Leadership often made it clear that Amazon was right at that limit, and wanted to send a lot more volume, but FedEx wouldn't let them, in order to maintain "independence."
To your point: it didn’t stop them from working to cater to Amazon’s every whim, and it did provide Amazon the incentive to build a (better and more cost-effective) fulfillment and shipping network themselves.
I don’t know what the “right” play was, and obviously the story is far from over. But FedEx always seemed to me like they chose the worst of both worlds.
TSMC uses Apple as their first-and-best customer for their bleeding edge chips, using fat stacks of iPhone cash to push the limits of semiconductor technology.
Then they can keep selling chips built on that process for a decade or more (to a very long tail of other customers).
Nobody would say that TSMC isn't dependent on Apple! They're certainly tied very tightly. But they've turned that dependency into just the top of a very profitable funnel.
Over expanding to fullfil a single large customer who isn't actually reliant on you is a good way to end up bankrupt. Seems like FedEx made the right move here.
I read an article back in ~2006 that made a similar point [1]
If you're a lawnmower manufacturer and Wal-Mart comes to you and says they want to make you their main supplier of lawnmowers and they need X units per year (which will double your sales) that sounds like a great deal which will really grow your business - right?
But once you've built a second factory to deal with all this extra sales volume and hired a bunch of extra workers, if Wal-Mart decide that $250-retail-price lawnmower is going to cost them $20 less next year you can't walk away, because you've got to pay the loans you took out to build this new factory.
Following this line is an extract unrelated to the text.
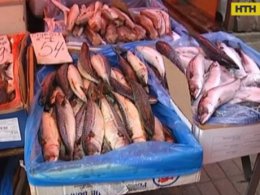 Поліція повідомила про підозру продавчині риби, що стала причиною масового отруєння у Львові
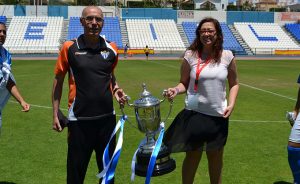 Antonio Toledo y Manuel Romero con el preciado trofeo logrado.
[1] https://www.fastcompany.com/54763/man-who-said-no-wal-mart
https://www.fastcompany.com/47593/wal-mart-you-dont-know
> The gallon jar reshaped Vlasic’s pickle business: It chewed up the profit margin of the business with Wal-Mart, and of pickles generally. Procurement had to scramble to find enough pickles to fill the gallons, but the volume gave Vlasic strong sales numbers, strong growth numbers, and a powerful place in the world of pickles at Wal-Mart. Which accounted for 30% of Vlasic’s business. But the company’s profits from pickles had shriveled 25% or more, Young says–millions of dollars.
> The gallon was hoisting Vlasic and hurting it at the same time.
> Young remembers begging Wal-Mart for relief. “They said, ‘No way,’ ” says Young. “We said we’ll increase the price”–even $3.49 would have helped tremendously–“and they said, ‘If you do that, all the other products of yours we buy, we’ll stop buying.’ It was a clear threat.” Hunn recalls things a little differently, if just as ominously: “They said, ‘We want the $2.97 gallon of pickles. If you don’t do it, we’ll see if someone else might.’ I knew our competitors were saying to Wal-Mart, ‘We’ll do the $2.97 gallons if you give us your other business.’ ” Wal-Mart’s business was so indispensable to Vlasic, and the gallon so central to the Wal-Mart relationship, that decisions about the future of the gallon were made at the CEO level.
> Finally, Wal-Mart let Vlasic up for air. “The Wal-Mart guy’s response was classic,” Young recalls. “He said, ‘Well, we’ve done to pickles what we did to orange juice. We’ve killed it. We can back off.’ ” Vlasic got to take it down to just over half a gallon of pickles, for $2.79. Not long after that, in January 2001, Vlasic filed for bankruptcy–although the gallon jar of pickles, everyone agrees, wasn’t a critical factor.